Yeah, I should've addressed this in my post. Right now multicore doesn't mean squat to me as I'm using it for JavaScript support. I did investigate this, but forgot to add the links (others have already replied with) about work that is progressing nicely.

I'll update the post once this traffic calms down a bit :)


The situation is improving, specially with companies like Facebook and Microsoft using it.

However I do think that from the ML family, F# might be the one getting more widespread.
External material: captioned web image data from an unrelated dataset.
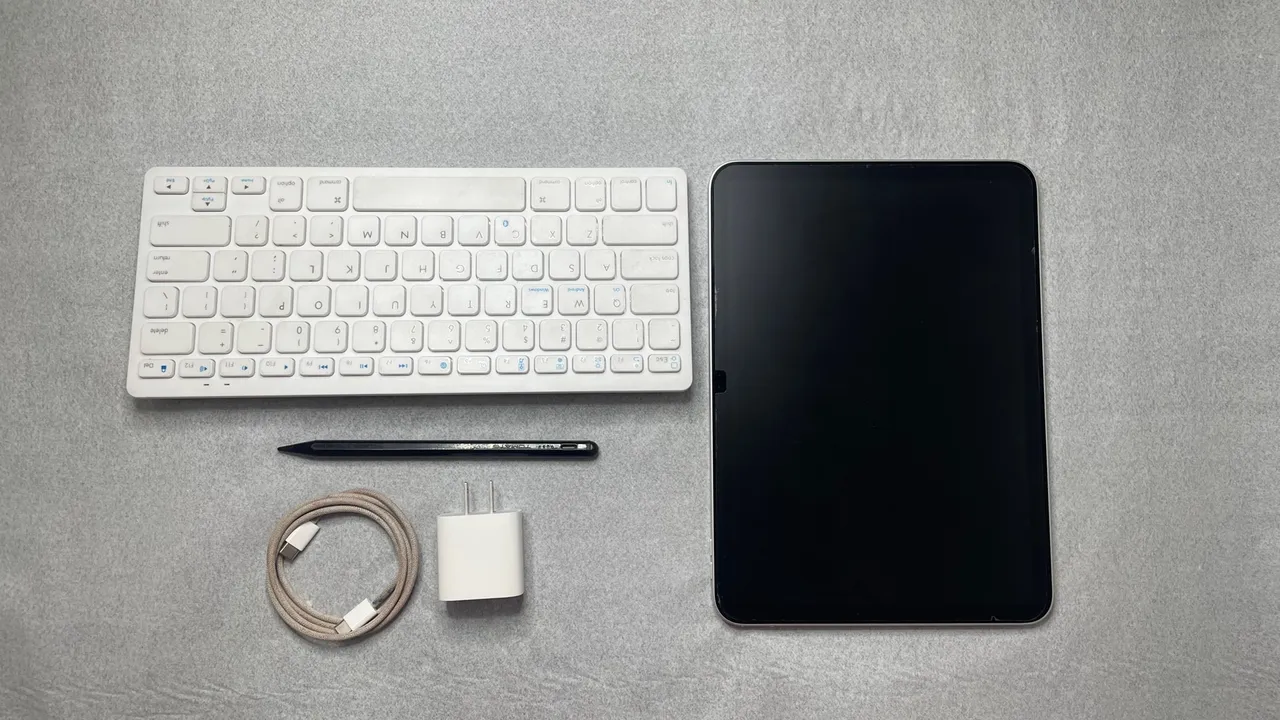 Tablet Apple com carregador (original) e acessórios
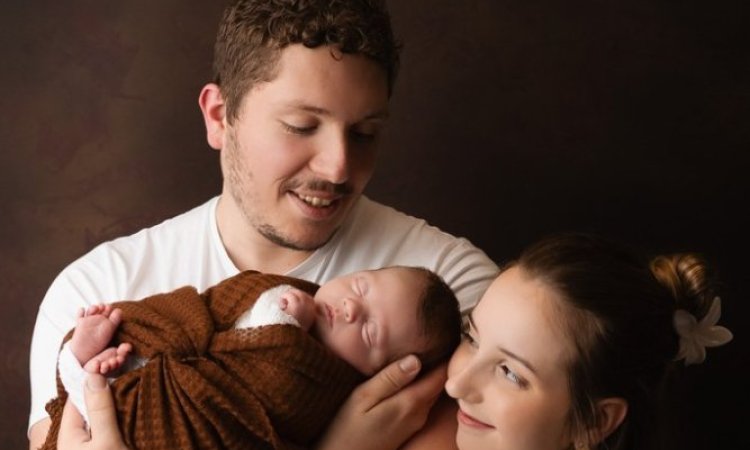 Shooting photo naissance en famille à Besançon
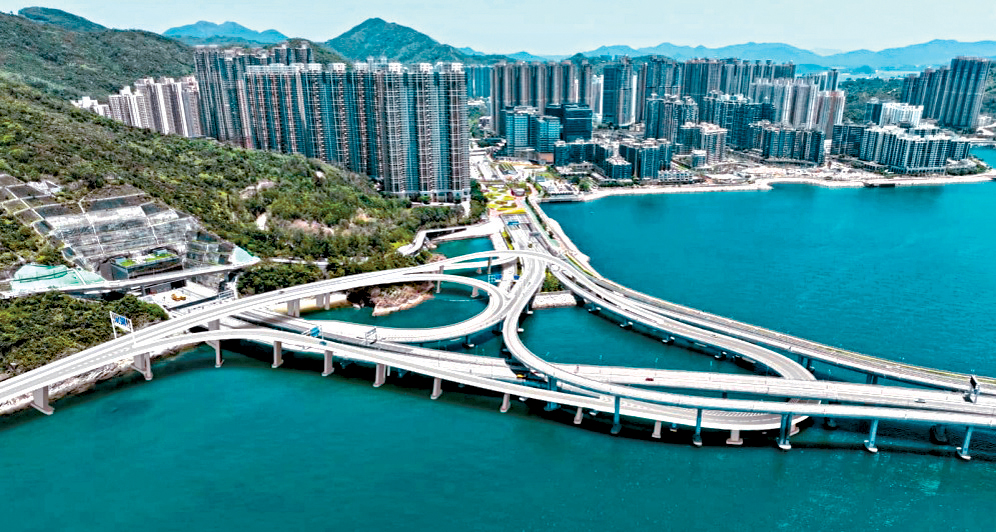 為連接新造土地與將藍公路，當局計劃興建海上高架橋（包括行人路）及相關道路工程。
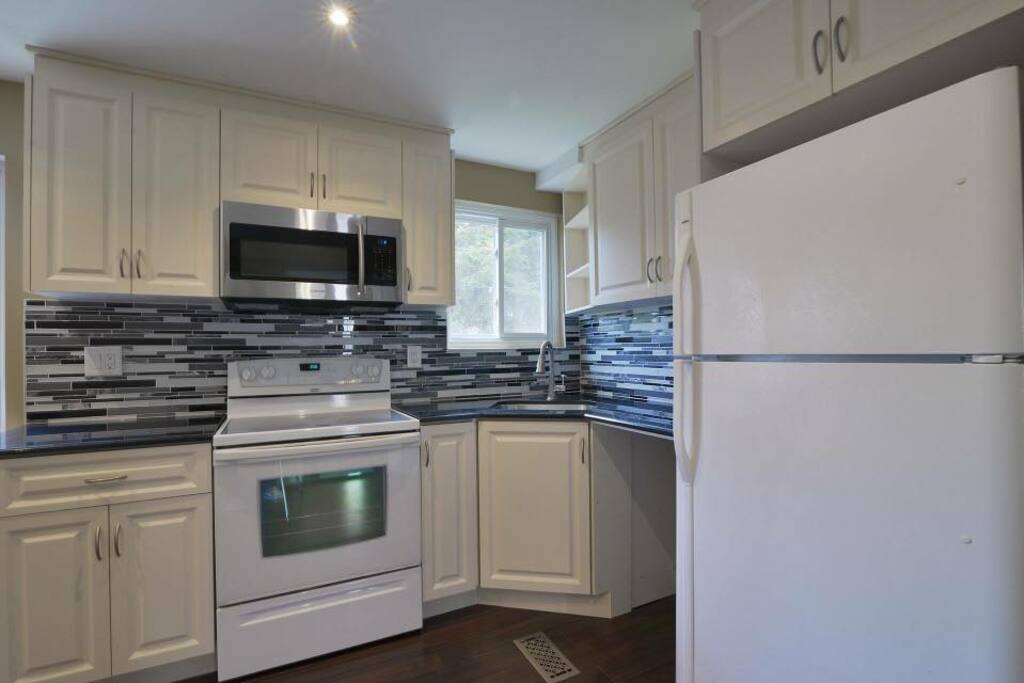 access to full kitchen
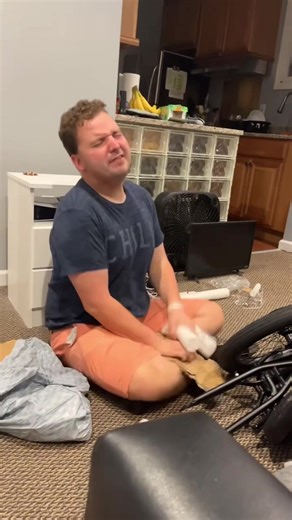 Ryan wants his bicycle! #comedy#pranks#cardboard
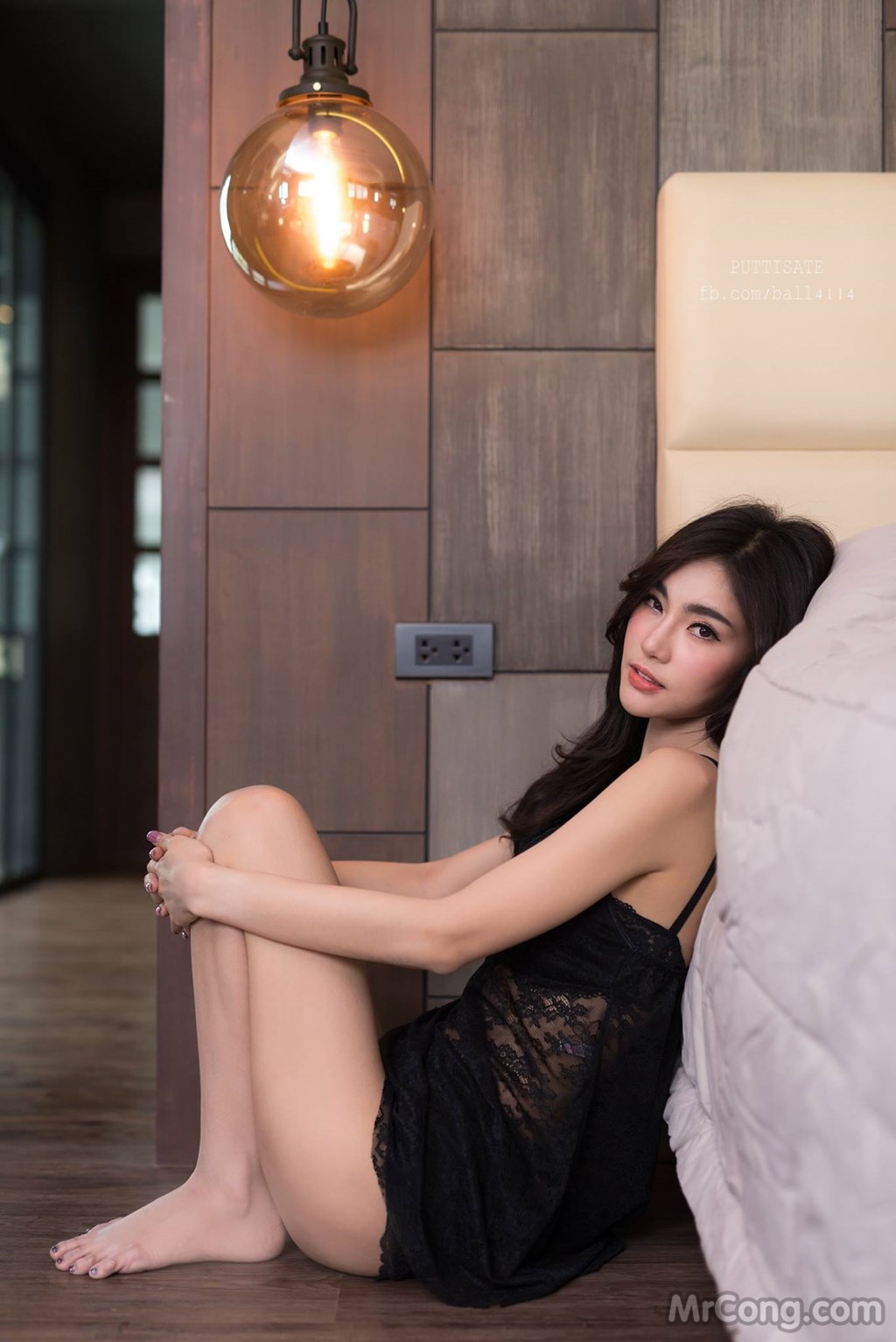 Beautiful Jarunan Tavepanya lazing in bed with a black lace nightgown (12 photos) photo 1-5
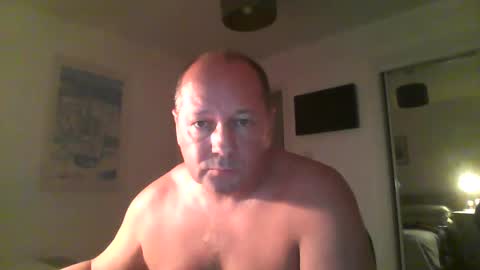 Snapshot of spidey1051a chatting on 02.24.25 spidey1051a online show from 02.24.25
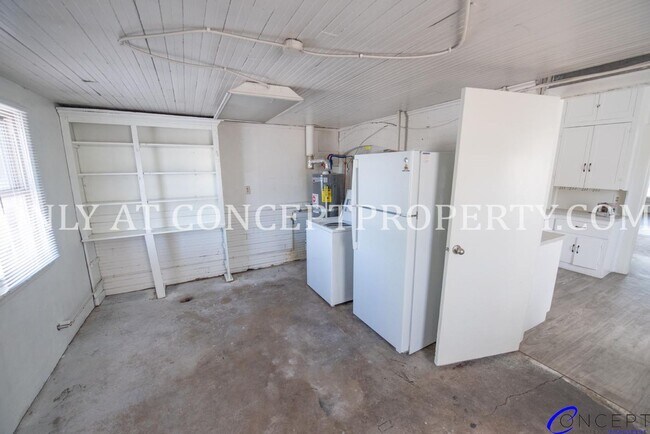 Building Photo - 5000 S Jones Ct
I'm glad that the author is picking up a new functional programming language, but choosing OCaml over Haskell because of support for the Javascript implementations strikes me as choosing a BMW over a Mercedes[0] because of the number of cupholders it has.

If you don't have a particular goal in mind (ie, "I work at Jane Street and need to be compatible with our existing code"), there are a number of other factors in the OCaml vs. Haskell discussion that are far more important.

> JS is the only realistic way to write web apps

Javascript is the only realistic way to write the front-end of webapps. But that doesn't mean you're wedded to it for your backend technology. And I don't think either OCaml or Haskell have sufficiently advanced DOM bindings, etc. that I'd recommend using either one for client-side work in the browser.

[0] I'm not sure if this is a flamewar topic for car nerds - my point is to pick two high-end luxury cars that are both well-respected and each have their own merits.


It sounds like you have a very language-centric view of the world. In practice, deployment is everything. (Why do people write code in Objective C? Because iPhone.)

Having a solid implementation for your target platform is very good reason to pick a language.


> It sounds like you have a very language-centric view of the world.

> Having a solid implementation for your target platform is very good reason to pick a language.

I'm not sure where you got that out of my comment; it was exactly the opposite.

My point was that neither OCaml nor Haskell have particularly strong implementations in this area (to my knowledge). Last time I checked, the ability to write Javascript using both languages was of experimental and/or novelty use only (hence the "cupholders").

And that still doesn't change the fact that a web app can be written in any language - the only part that needs to run in Javascript is the client-side. Depending on how you architect your app, this may not be much at all. (There are very few webapps that actually need much logic in Javascript - if you want to avoid JS[0] while writing complex webapps, it's actually very easy to do so in many cases.)

[0] or anything else that is translated into JS


> Last time I checked, the ability to write Javascript using both languages was of experimental and/or novelty use only (hence the "cupholders").

Facebook uses an OCaml js_of_ocaml-based frontend for a large chunk of their production code editing. Not a great video, but here's the CUFP 2013 talk on the topic: http://www.youtube.com/watch?v=gKWNjFagR9k


Haste is a strong, useful, and impressively complete Haskell to JS compiler.

Fay is used in production apps as well.

PureScript is less mature still but pretty nice.


I looked at Haskell options - fay and haste are both good, but not complete (try compiling tagsoup). GHCJS works, but generates 5mb JavaScript files.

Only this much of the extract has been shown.